I grew up in Florida for the first 13 years of my life. Imagine my surprise when my parents dragged our family to Massachusetts in November. We were too late to see the fall colors that year but had a beautifully dreadful winter (blizzard of 1987 anyone?) The spring came and I learned what tulips and daffodils are but was still too disgruntled over the god-awful winter to enjoy them. The summer heat with no a/c did little to improve a hormonal angsty teenage mind. Along came September and back to school. I was staying at a friend’s house as my parents decided to move (again) over the summer and they wanted me to start the new school year off in my new school while they searched for a house in the district. Out in front of my friend’s house was a glorious maple tree that suddenly (in my teenage mind) burst into bizarre colors. Now I assume that I had seen fall trees on TV by this time in my life but it never occurred to my Florida-born mind that those trees had initially been GREEN!?!? I grew up loving rainbows. Half my wardrobe had rainbows on it. (Yes I am a child of the 80s).
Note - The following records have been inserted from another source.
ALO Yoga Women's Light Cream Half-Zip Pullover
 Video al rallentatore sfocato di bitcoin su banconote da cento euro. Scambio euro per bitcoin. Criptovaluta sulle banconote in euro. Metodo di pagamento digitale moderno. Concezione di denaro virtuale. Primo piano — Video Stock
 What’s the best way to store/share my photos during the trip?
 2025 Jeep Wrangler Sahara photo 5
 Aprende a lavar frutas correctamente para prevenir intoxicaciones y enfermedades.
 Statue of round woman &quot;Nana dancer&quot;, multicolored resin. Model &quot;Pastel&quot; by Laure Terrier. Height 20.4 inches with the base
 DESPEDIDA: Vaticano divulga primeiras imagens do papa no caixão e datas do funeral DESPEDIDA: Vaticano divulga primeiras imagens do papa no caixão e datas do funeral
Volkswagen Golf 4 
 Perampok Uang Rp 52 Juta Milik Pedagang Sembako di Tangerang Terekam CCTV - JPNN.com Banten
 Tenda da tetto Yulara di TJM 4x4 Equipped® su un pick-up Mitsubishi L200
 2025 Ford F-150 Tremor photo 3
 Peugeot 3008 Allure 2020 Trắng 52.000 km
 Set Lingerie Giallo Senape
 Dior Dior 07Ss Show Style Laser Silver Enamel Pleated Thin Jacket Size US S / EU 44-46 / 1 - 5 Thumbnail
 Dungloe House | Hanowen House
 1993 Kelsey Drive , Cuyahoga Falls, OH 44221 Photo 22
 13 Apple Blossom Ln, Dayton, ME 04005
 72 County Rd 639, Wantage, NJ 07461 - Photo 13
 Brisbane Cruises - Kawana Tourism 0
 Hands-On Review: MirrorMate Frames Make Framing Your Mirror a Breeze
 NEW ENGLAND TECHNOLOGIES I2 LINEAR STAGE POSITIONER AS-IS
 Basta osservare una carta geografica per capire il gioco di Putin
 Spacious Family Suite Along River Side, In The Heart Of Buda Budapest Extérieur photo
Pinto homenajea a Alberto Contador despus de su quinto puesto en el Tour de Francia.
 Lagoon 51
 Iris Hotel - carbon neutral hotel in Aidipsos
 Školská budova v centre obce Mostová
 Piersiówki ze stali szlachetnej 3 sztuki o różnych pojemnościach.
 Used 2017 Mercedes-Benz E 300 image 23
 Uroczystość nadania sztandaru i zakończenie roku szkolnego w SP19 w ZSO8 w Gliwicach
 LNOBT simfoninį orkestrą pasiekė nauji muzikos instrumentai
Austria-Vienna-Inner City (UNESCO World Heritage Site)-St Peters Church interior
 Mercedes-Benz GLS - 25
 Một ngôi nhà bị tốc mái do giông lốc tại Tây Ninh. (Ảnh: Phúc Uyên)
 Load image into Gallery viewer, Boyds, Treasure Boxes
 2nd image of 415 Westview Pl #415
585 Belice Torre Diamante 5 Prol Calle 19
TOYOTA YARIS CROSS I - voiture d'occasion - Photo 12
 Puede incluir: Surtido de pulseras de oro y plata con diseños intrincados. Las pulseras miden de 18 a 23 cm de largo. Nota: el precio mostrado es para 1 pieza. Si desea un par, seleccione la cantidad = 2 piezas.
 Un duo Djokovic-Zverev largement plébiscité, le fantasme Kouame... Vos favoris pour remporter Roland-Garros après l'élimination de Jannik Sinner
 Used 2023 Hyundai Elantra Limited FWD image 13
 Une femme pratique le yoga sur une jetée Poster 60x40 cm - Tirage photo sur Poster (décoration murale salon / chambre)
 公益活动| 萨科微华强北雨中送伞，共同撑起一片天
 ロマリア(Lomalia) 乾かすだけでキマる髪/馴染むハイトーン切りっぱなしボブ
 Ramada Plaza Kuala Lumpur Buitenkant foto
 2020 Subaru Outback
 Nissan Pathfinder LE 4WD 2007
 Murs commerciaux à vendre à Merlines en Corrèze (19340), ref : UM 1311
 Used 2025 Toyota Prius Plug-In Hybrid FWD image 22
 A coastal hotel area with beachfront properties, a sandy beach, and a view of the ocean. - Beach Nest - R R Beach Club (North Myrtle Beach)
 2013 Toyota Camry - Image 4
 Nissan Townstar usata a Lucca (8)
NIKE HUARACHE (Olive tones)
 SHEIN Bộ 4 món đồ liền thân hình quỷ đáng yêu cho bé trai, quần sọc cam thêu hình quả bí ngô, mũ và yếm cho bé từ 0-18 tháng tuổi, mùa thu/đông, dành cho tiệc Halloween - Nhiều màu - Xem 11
I began to notice so many trees around that just last week were green were now the colors of flames in a fireplace. There were bright yellows and beautiful oranges and brilliant reds, RAINBOWS! There were trees all one color and trees with almost a flame effect going from dark to light. There were trees that were so beautiful I would gasp when I saw them.
Some people think I love trees a little bit much, but to be fair it is in my blood. My aunt owns a tree farm and nursery that I literally grew up in. My grandfather spent much of his life growing trees and planting them all around the local towns in Indiana. My family is full of horticultural geniuses (of which sadly I am not one). Half of the evergreens in the area of Osgood, Indiana were planted by my family. My Sophmore year, our school did an aptitude test to determine what types of jobs we would be good at, mine said I should be a farmer. LOL
So here I was an angsty teenager in the glorious northeast amidst the wonders of fall. I think it is apt that they call it fall because I did. I fell in love with fall. I had never really put much thought into season before then. I hated cold and I loathed hot but here is a time of year in this area of the country where the weather is perfect. Highs in the 60s and 70s lows a little chilly but enough to have an evening fire in the fireplace and everything turns rainbow.
I wanted to go back to that teacher in kindergarden that told me that trees weren’t orange and say, “See! They can be!” Fall… what a wonderful time you are. So sweet that you visit with us each year and bring your friends pumpkin and apple along.